What the task asks
Only one span is wanted from the lines below: from the one with "Седан Nissan Laurel" up to and including the one with "Special Edition 2007". Copy it exactly, without images.

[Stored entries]
┌──
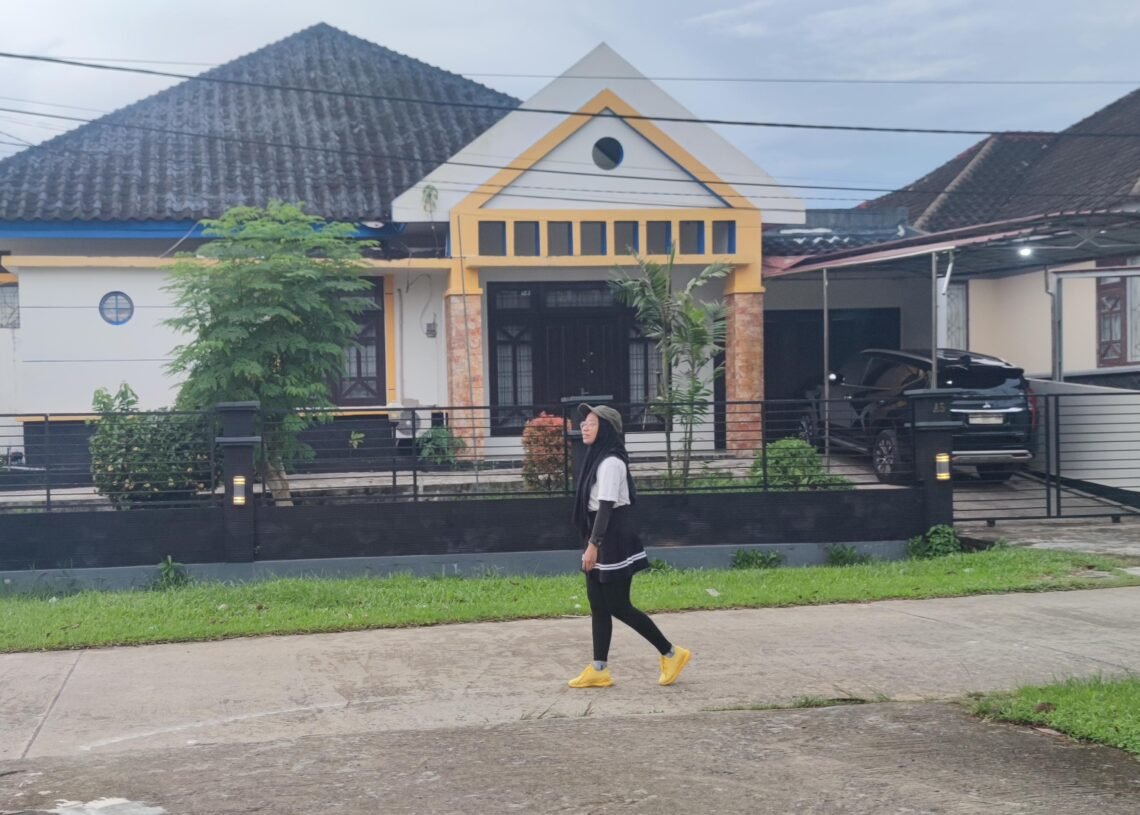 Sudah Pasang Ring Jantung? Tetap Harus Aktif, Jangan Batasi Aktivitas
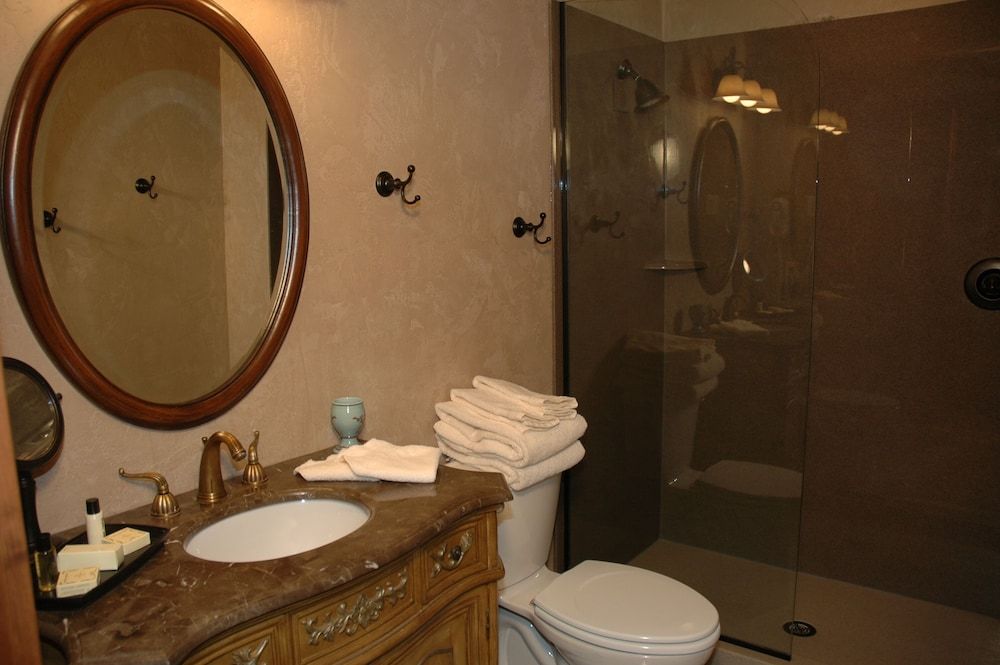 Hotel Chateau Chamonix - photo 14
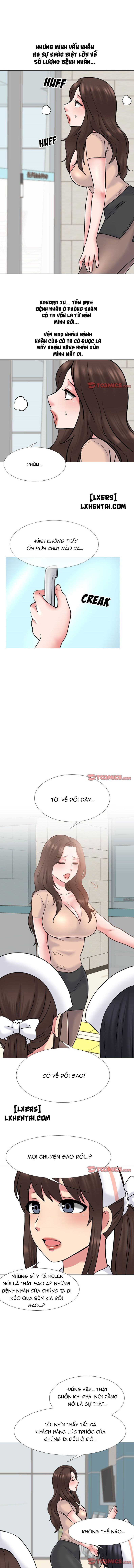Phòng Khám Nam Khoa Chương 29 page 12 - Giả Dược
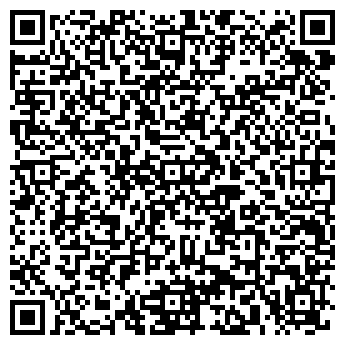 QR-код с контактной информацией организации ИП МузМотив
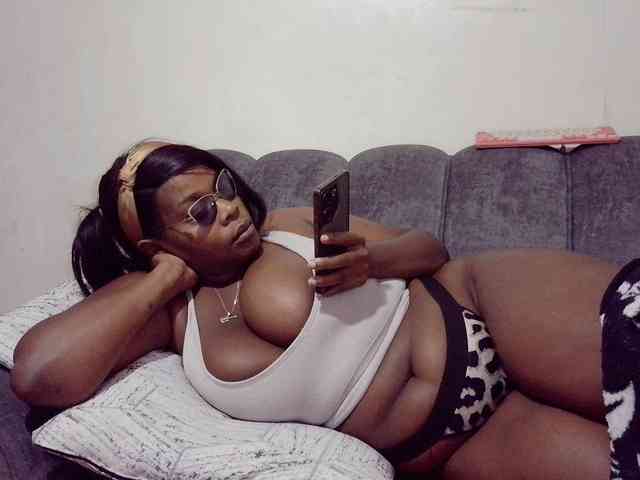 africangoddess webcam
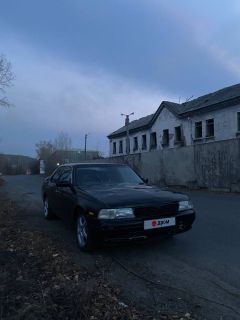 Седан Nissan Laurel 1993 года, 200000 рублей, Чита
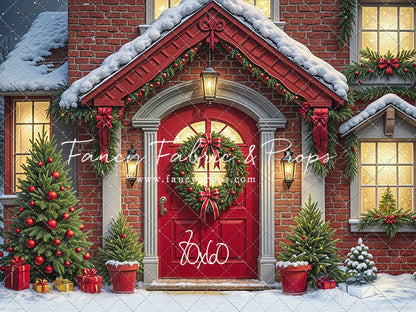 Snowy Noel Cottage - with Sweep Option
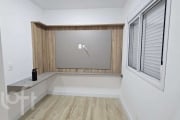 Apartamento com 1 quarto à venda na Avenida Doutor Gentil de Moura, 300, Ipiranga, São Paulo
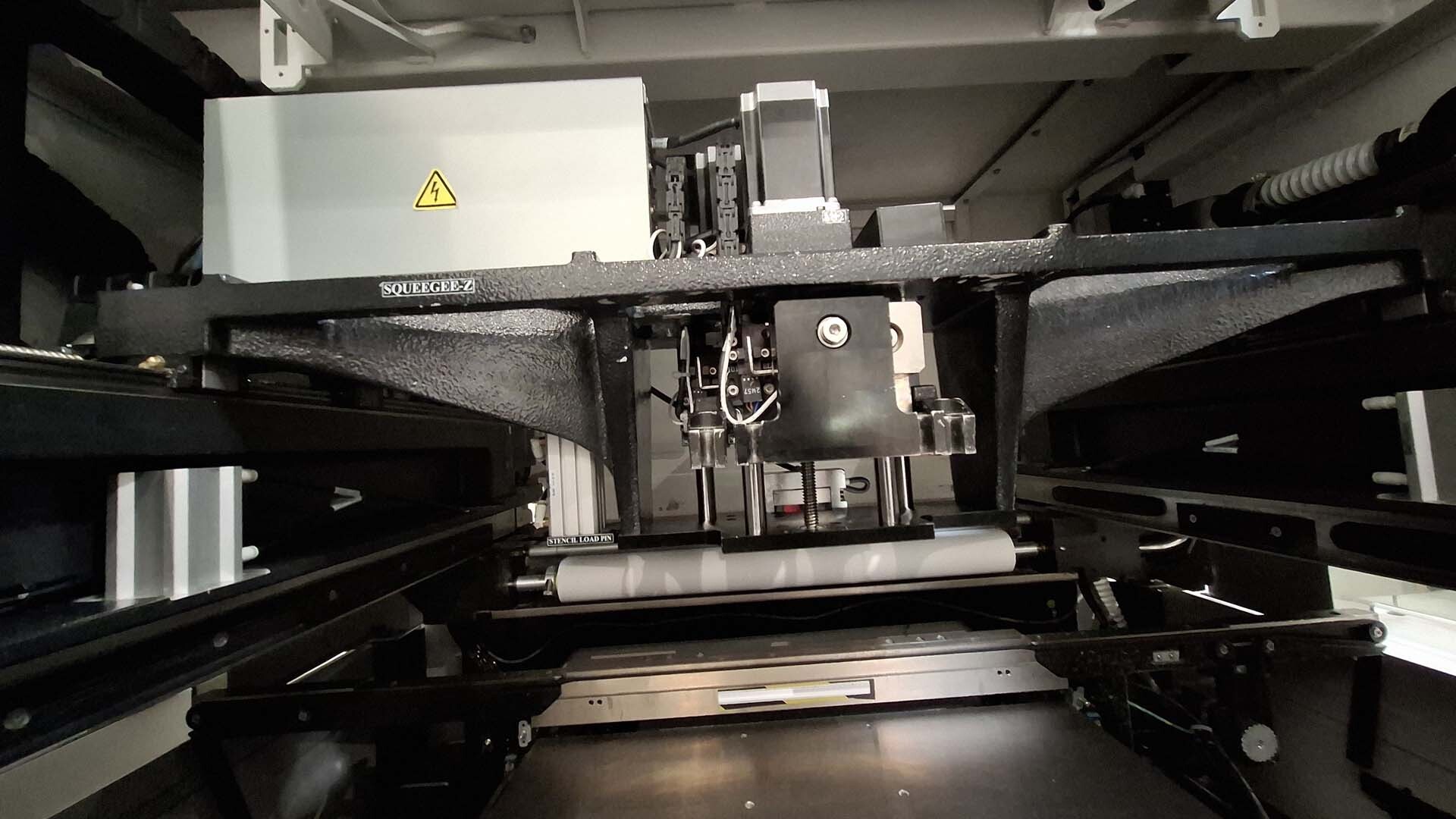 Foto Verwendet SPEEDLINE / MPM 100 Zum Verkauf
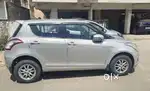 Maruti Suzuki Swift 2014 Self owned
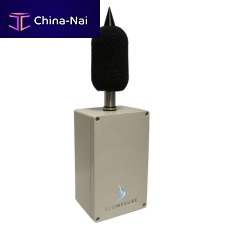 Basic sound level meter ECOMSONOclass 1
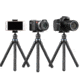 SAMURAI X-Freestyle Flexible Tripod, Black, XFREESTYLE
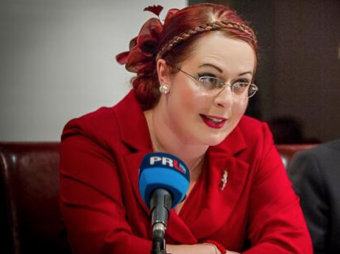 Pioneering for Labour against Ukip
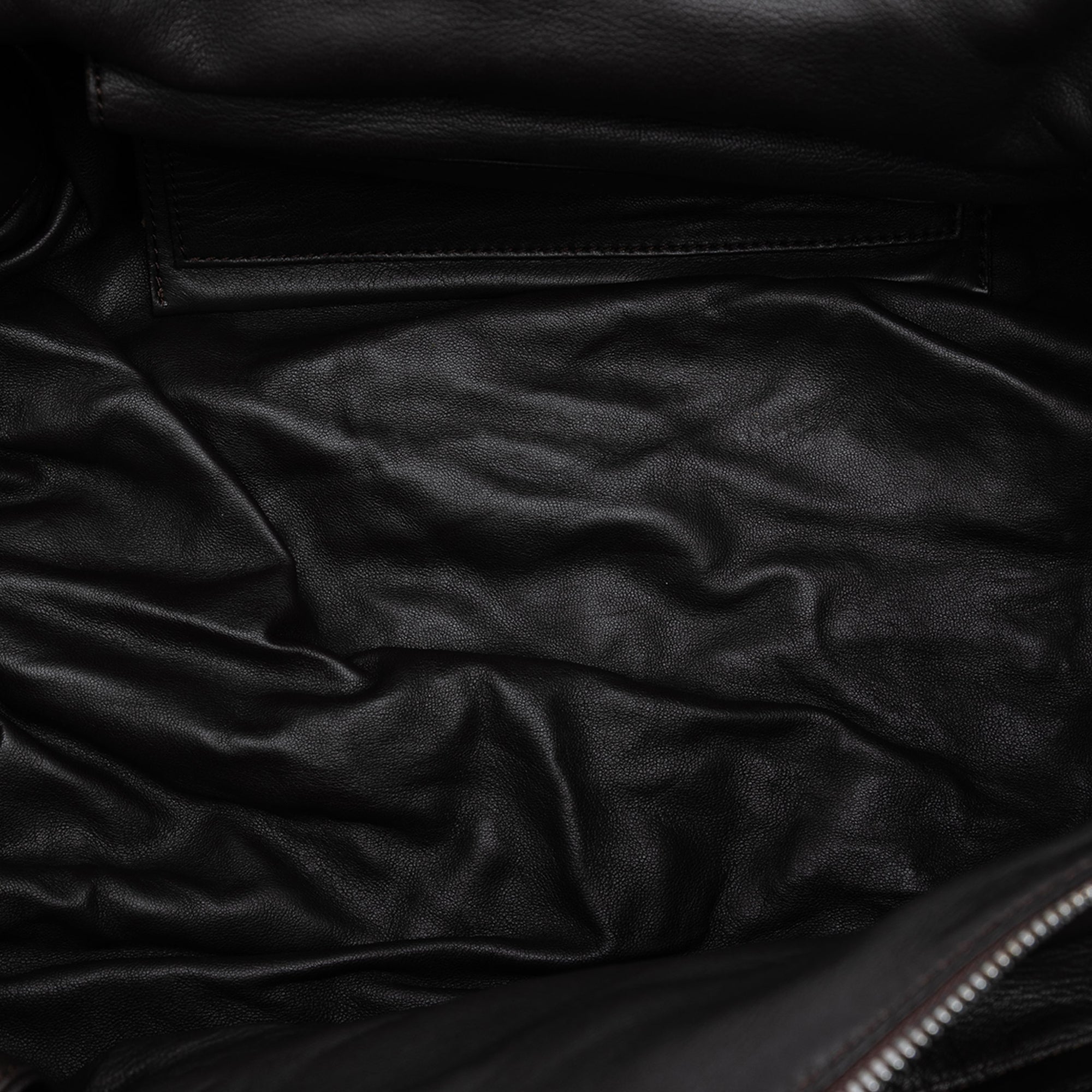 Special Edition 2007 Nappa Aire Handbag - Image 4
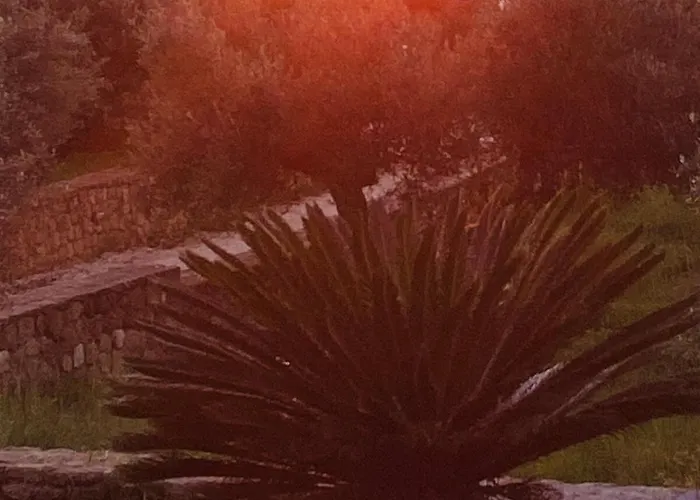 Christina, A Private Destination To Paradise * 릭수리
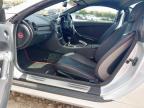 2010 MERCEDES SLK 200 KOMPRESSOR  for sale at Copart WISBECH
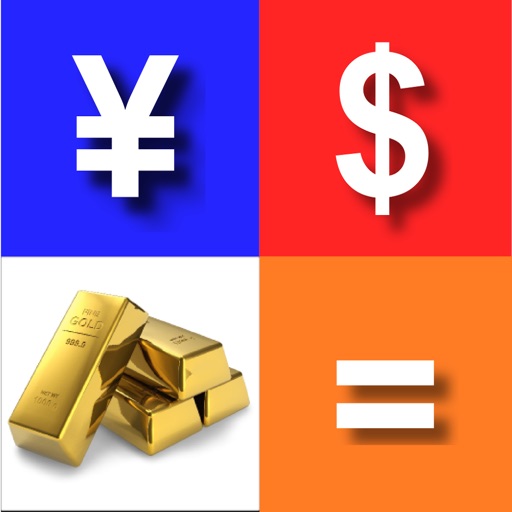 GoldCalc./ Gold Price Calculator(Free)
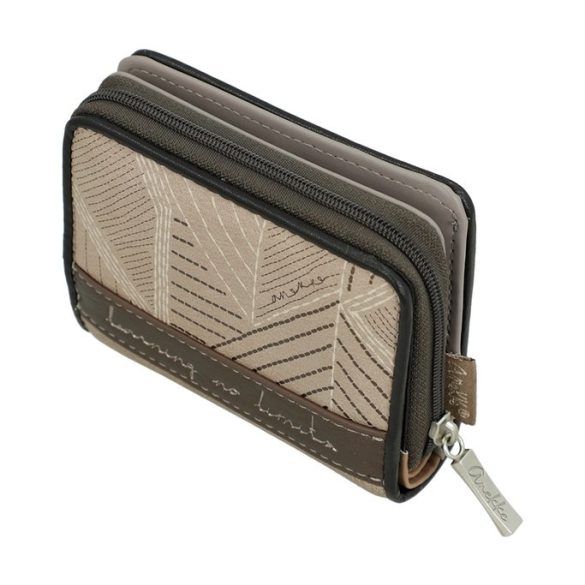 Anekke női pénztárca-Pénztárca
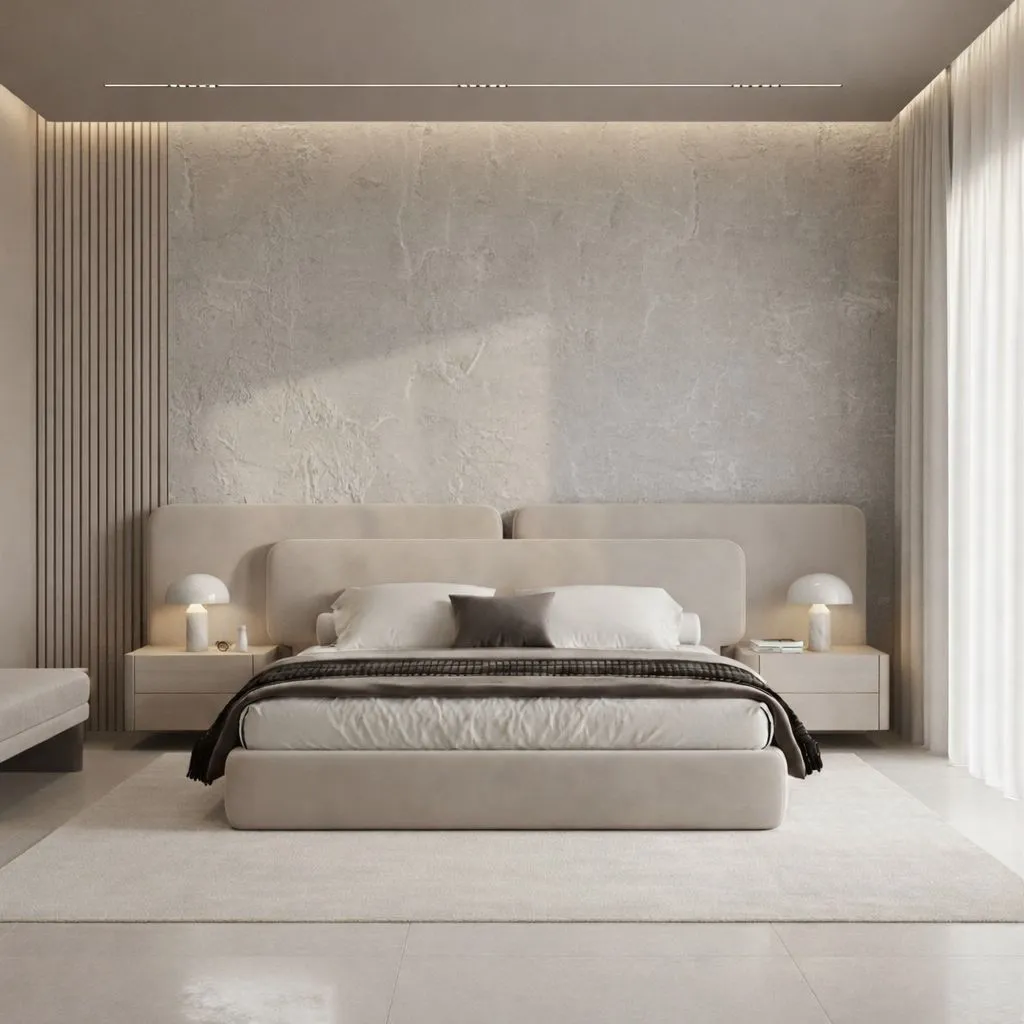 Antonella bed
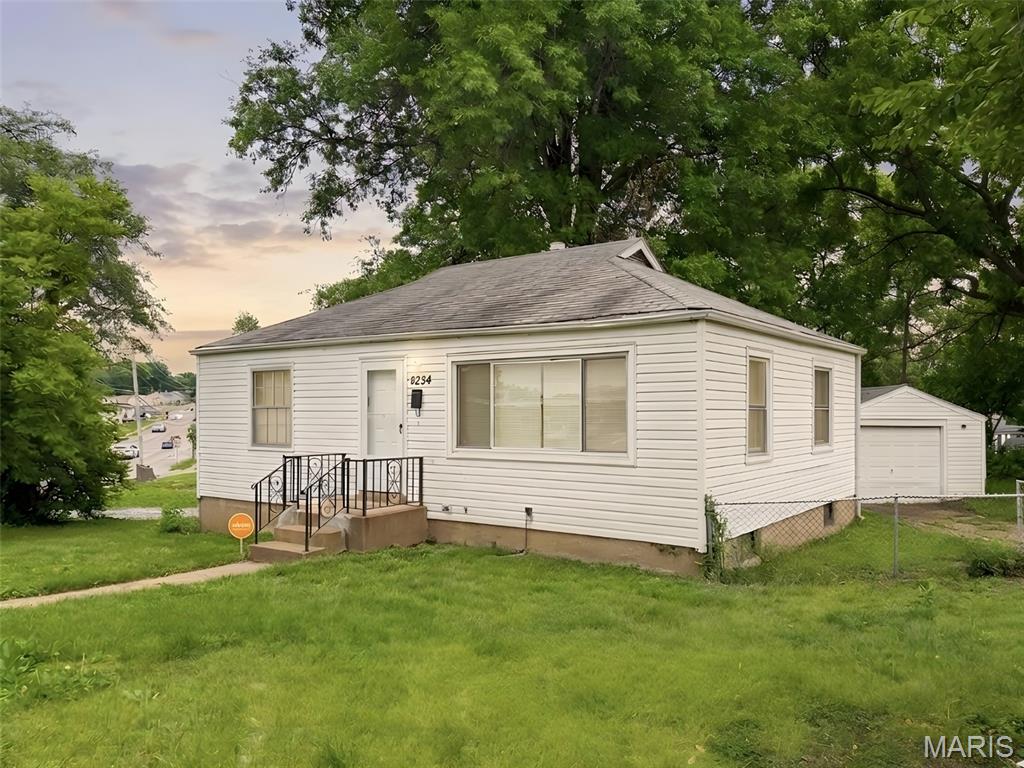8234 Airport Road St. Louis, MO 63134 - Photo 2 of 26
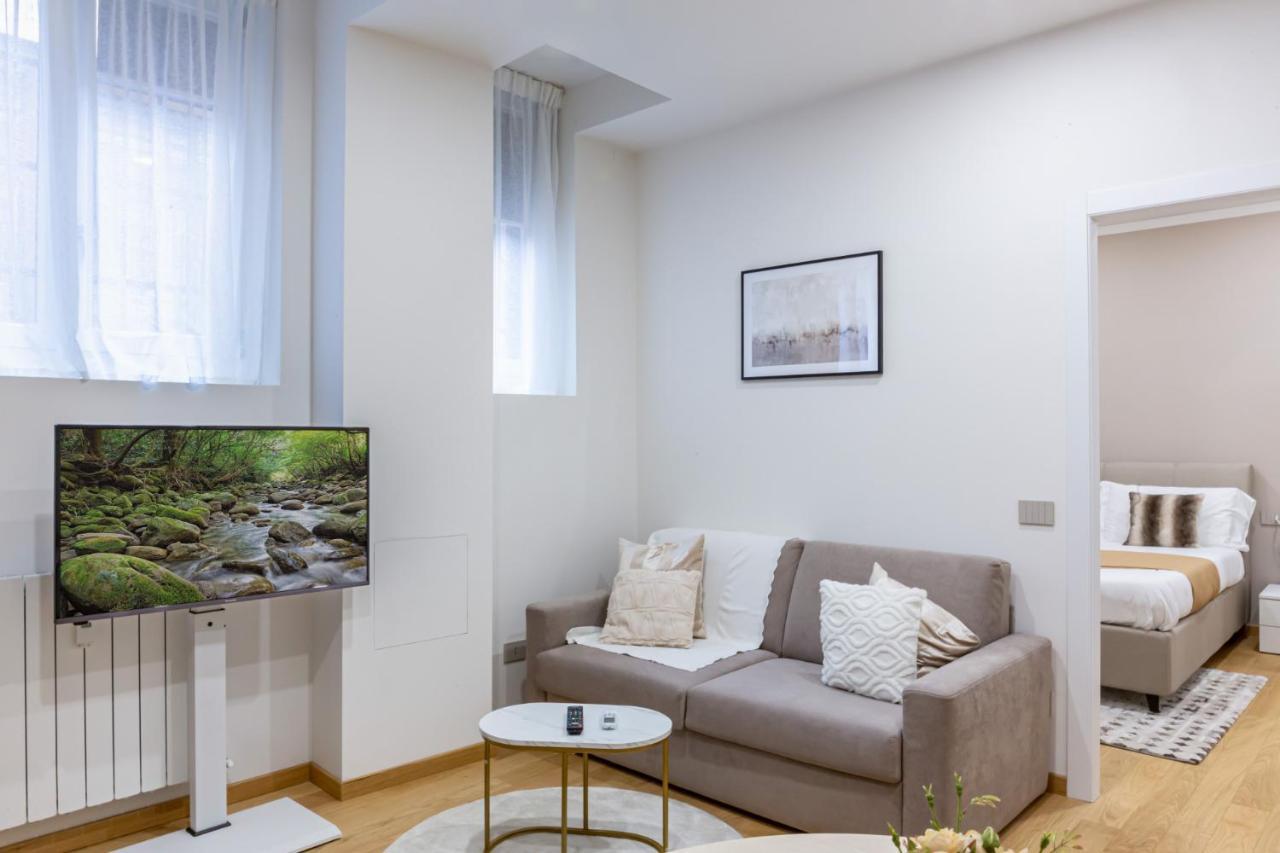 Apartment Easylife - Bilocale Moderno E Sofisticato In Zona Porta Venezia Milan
└──
Response
 Седан Nissan Laurel 1993 года, 200000 рублей, Чита
 Snowy Noel Cottage - with Sweep Option
 Apartamento com 1 quarto à venda na Avenida Doutor Gentil de Moura, 300, Ipiranga, São Paulo
 Foto Verwendet SPEEDLINE / MPM 100 Zum Verkauf
 Maruti Suzuki Swift 2014 Self owned
 Basic sound level meter ECOMSONOclass 1
 SAMURAI X-Freestyle Flexible Tripod, Black, XFREESTYLE
 Pioneering for Labour against Ukip
 Special Edition 2007 Nappa Aire Handbag - Image 4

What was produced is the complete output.